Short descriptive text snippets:
******************************
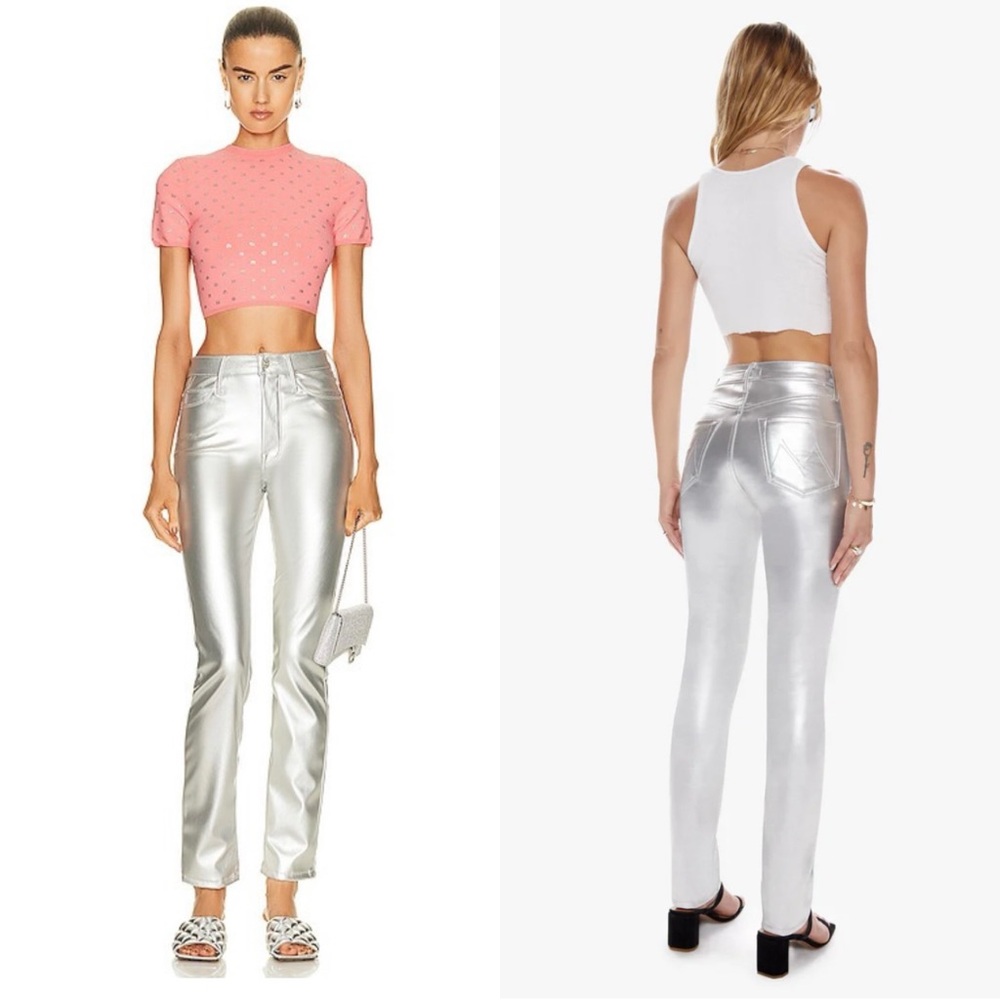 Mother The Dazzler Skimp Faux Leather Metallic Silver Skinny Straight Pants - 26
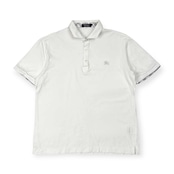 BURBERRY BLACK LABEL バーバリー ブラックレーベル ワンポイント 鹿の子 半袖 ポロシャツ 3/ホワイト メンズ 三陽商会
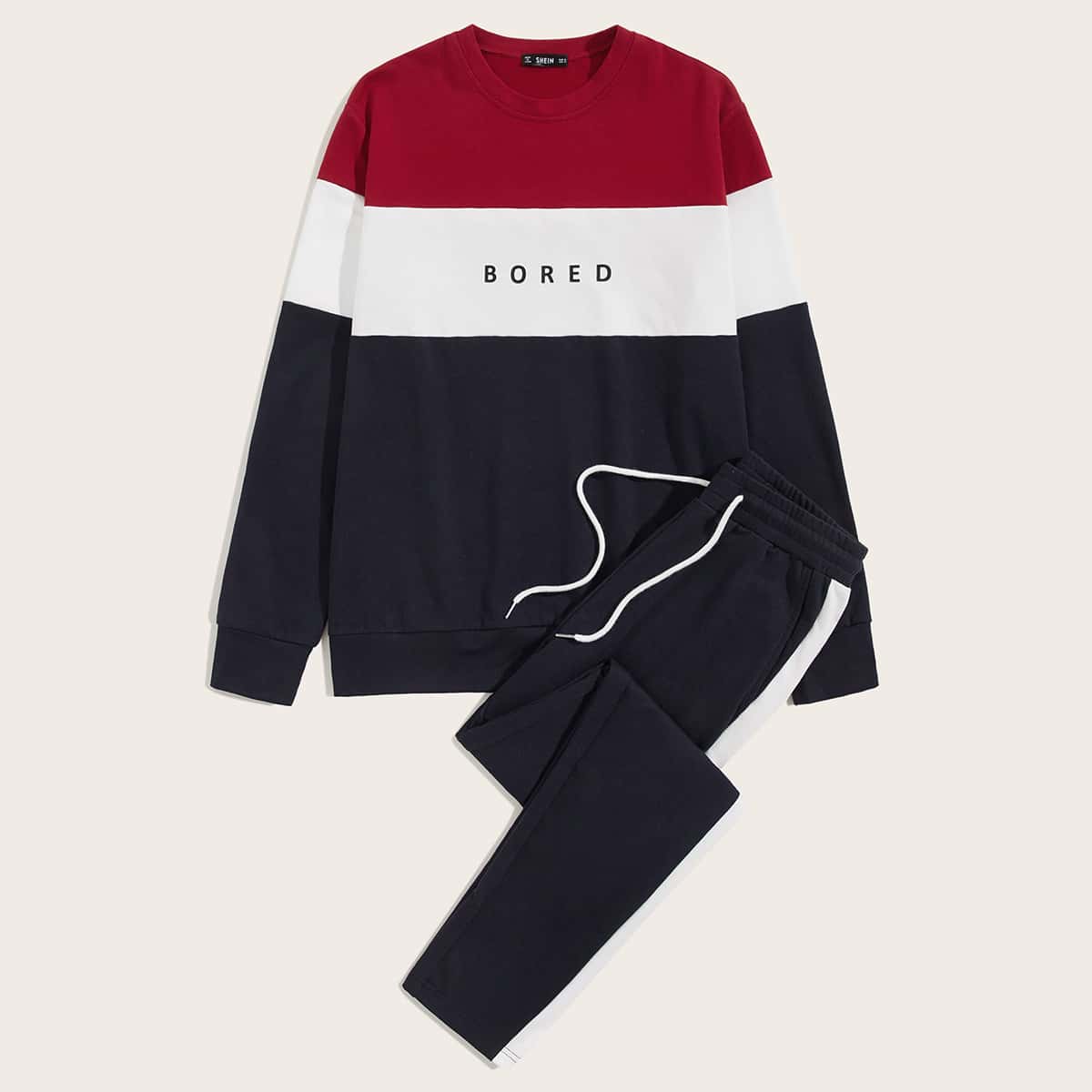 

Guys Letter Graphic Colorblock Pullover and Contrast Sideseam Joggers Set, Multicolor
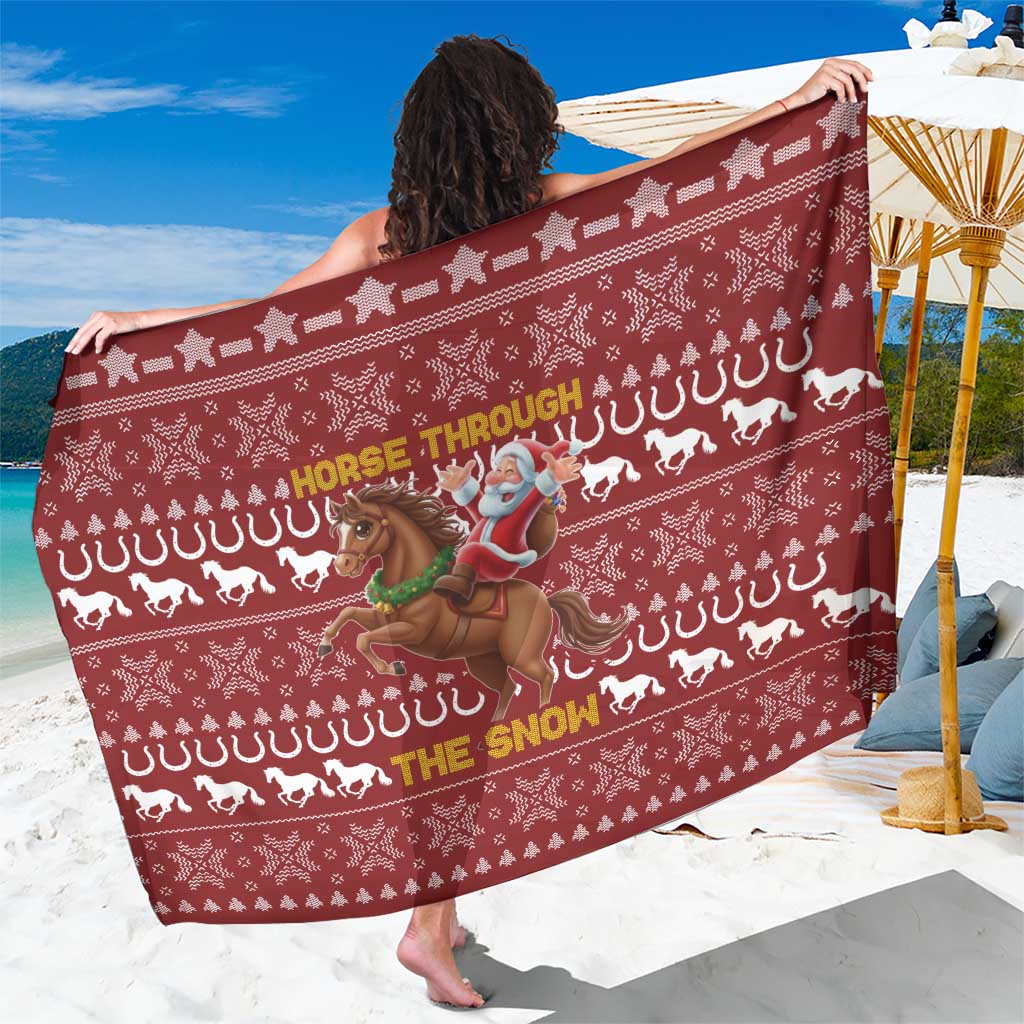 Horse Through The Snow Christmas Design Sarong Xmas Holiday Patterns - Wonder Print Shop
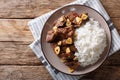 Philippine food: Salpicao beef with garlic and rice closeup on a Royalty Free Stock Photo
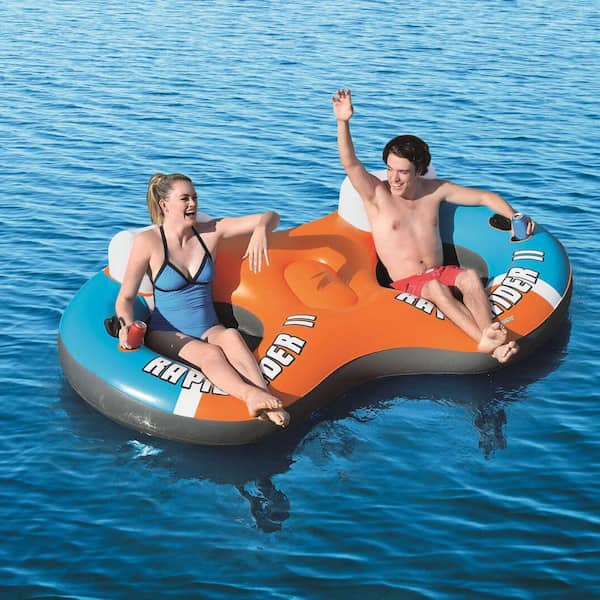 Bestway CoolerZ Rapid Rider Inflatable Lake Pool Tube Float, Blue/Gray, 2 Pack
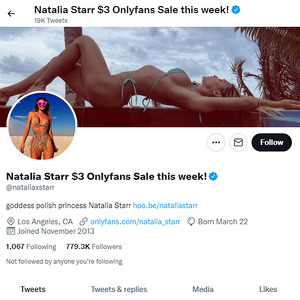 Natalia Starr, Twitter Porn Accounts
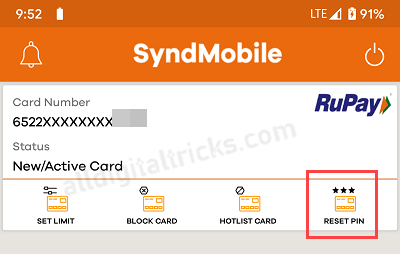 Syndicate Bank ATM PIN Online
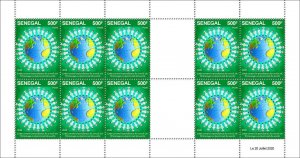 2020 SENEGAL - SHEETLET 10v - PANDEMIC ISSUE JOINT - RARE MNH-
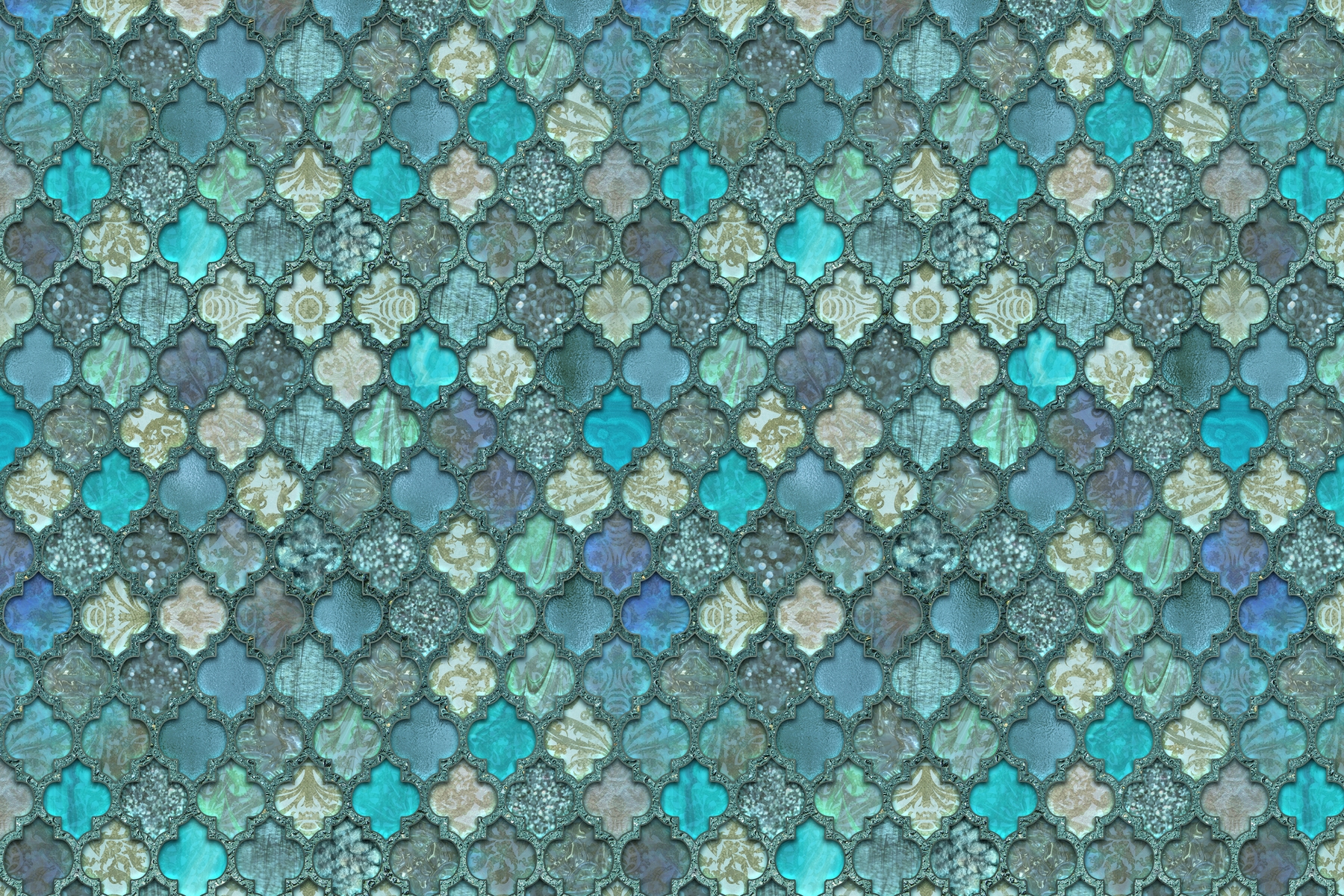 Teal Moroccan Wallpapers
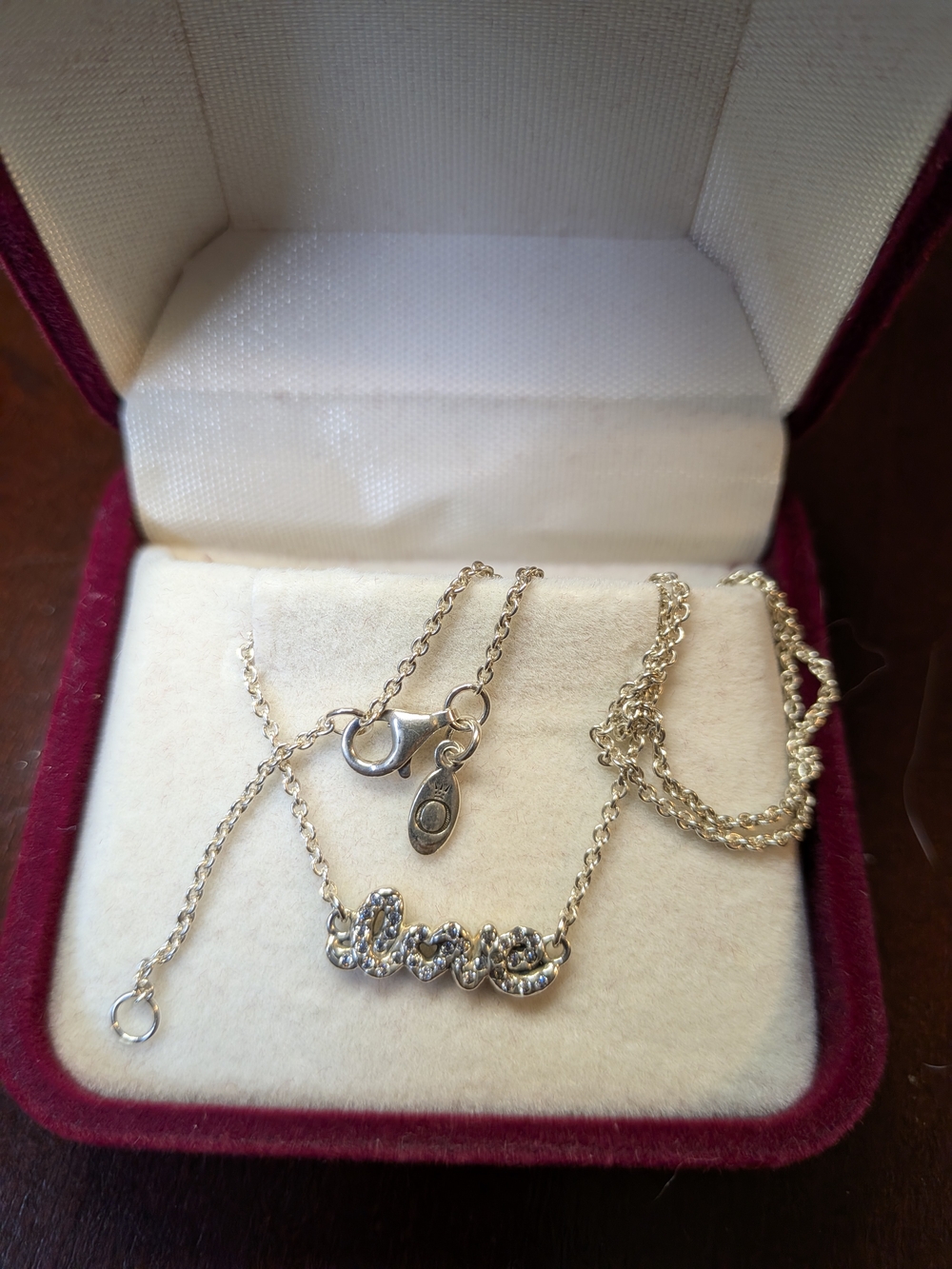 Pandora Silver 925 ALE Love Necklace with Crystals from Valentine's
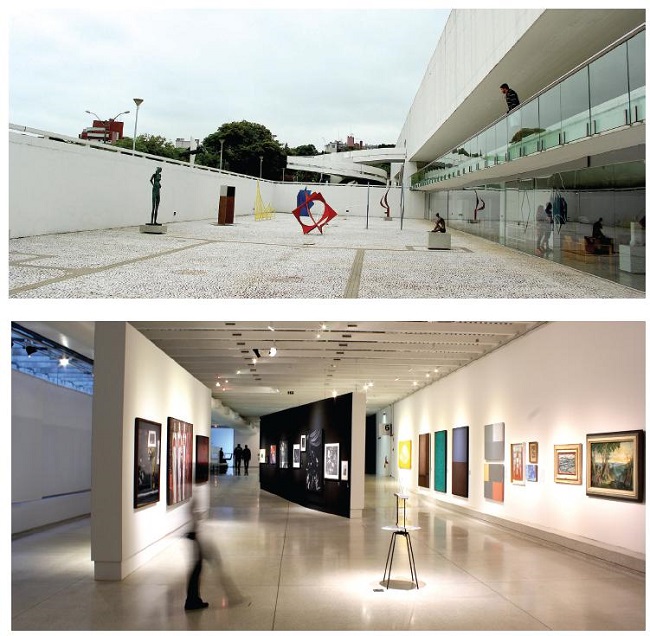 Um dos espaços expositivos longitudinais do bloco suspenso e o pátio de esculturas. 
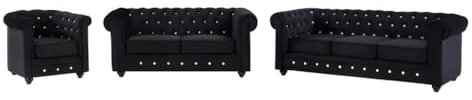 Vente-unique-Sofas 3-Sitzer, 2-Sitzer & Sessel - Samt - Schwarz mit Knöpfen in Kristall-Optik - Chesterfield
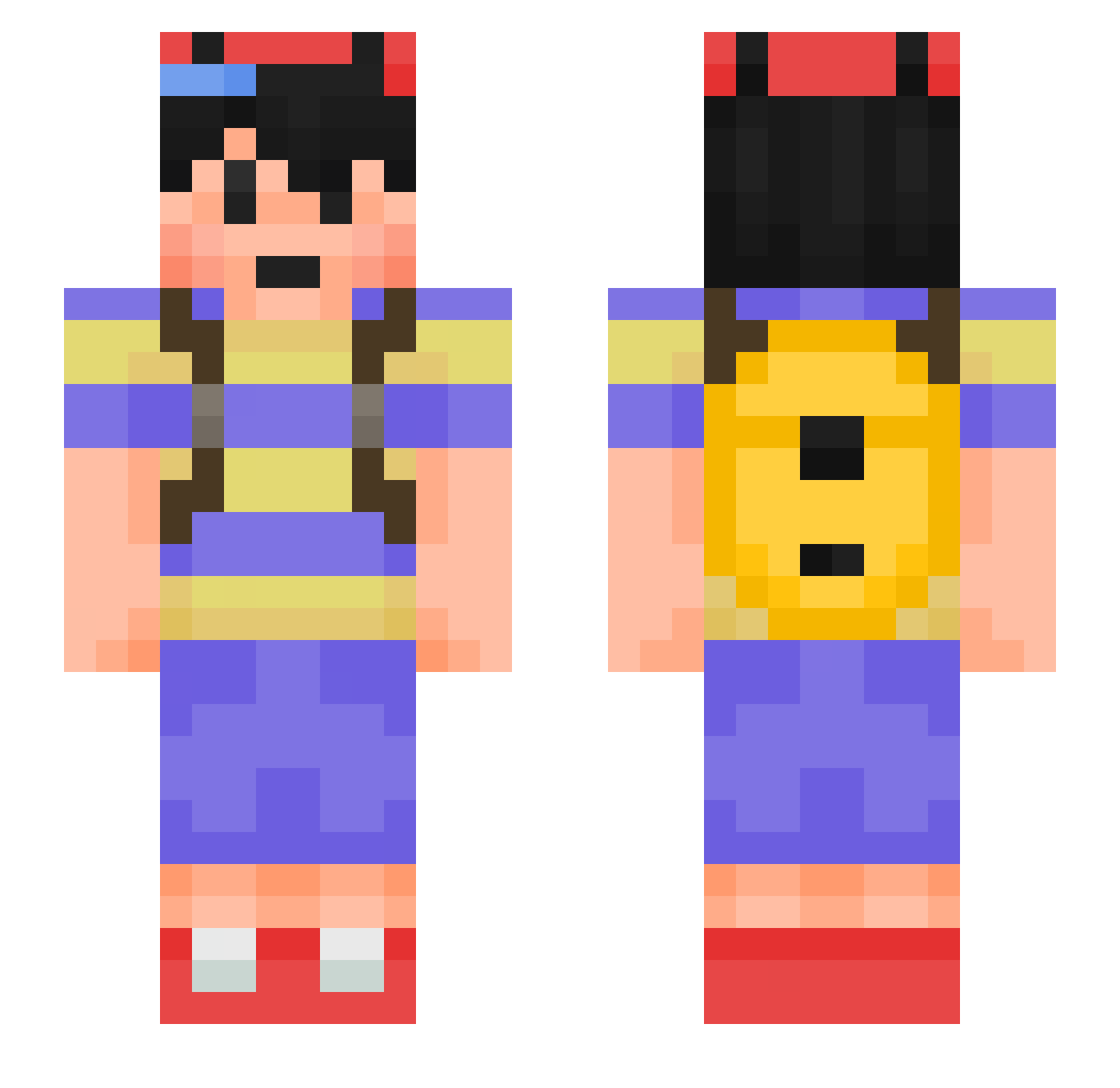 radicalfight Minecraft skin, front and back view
******************************
Omitting all pictures, reproduce the records above in their entirety.

 Mother The Dazzler Skimp Faux Leather Metallic Silver Skinny Straight Pants - 26
 BURBERRY BLACK LABEL バーバリー ブラックレーベル ワンポイント 鹿の子 半袖 ポロシャツ 3/ホワイト メンズ 三陽商会

Guys Letter Graphic Colorblock Pullover and Contrast Sideseam Joggers Set, Multicolor
 Horse Through The Snow Christmas Design Sarong Xmas Holiday Patterns - Wonder Print Shop
 Philippine food: Salpicao beef with garlic and rice closeup on a Royalty Free Stock Photo
 Bestway CoolerZ Rapid Rider Inflatable Lake Pool Tube Float, Blue/Gray, 2 Pack
 Natalia Starr, Twitter Porn Accounts
 Syndicate Bank ATM PIN Online
 2020 SENEGAL - SHEETLET 10v - PANDEMIC ISSUE JOINT - RARE MNH-
 Teal Moroccan Wallpapers
 Pandora Silver 925 ALE Love Necklace with Crystals from Valentine's
 Um dos espaços expositivos longitudinais do bloco suspenso e o pátio de esculturas. 
 Vente-unique-Sofas 3-Sitzer, 2-Sitzer & Sessel - Samt - Schwarz mit Knöpfen in Kristall-Optik - Chesterfield
 radicalfight Minecraft skin, front and back view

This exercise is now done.